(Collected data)
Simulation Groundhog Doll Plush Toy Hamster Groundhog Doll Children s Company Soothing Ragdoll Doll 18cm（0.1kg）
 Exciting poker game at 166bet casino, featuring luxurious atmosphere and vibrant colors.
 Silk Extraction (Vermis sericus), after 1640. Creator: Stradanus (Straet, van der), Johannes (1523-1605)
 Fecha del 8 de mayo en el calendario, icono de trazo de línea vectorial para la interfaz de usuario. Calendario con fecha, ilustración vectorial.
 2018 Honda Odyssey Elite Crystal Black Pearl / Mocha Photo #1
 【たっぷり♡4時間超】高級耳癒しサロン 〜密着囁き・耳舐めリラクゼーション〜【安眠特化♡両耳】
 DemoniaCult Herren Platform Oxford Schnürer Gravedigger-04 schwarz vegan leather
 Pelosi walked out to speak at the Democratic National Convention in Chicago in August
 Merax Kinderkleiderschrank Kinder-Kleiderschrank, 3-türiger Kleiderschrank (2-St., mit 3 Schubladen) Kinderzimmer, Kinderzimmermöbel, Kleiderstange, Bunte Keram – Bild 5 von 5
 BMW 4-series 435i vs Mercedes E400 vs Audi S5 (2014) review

# Task to carry out
Could you retype exactly the lines above, starting at the line that contains "Exciting poker game" and ending at the line that contains "Pelosi walked out", and nothing more?

# Result of the task
 Exciting poker game at 166bet casino, featuring luxurious atmosphere and vibrant colors.
 Silk Extraction (Vermis sericus), after 1640. Creator: Stradanus (Straet, van der), Johannes (1523-1605)
 Fecha del 8 de mayo en el calendario, icono de trazo de línea vectorial para la interfaz de usuario. Calendario con fecha, ilustración vectorial.
 2018 Honda Odyssey Elite Crystal Black Pearl / Mocha Photo #1
 【たっぷり♡4時間超】高級耳癒しサロン 〜密着囁き・耳舐めリラクゼーション〜【安眠特化♡両耳】
 DemoniaCult Herren Platform Oxford Schnürer Gravedigger-04 schwarz vegan leather
 Pelosi walked out to speak at the Democratic National Convention in Chicago in August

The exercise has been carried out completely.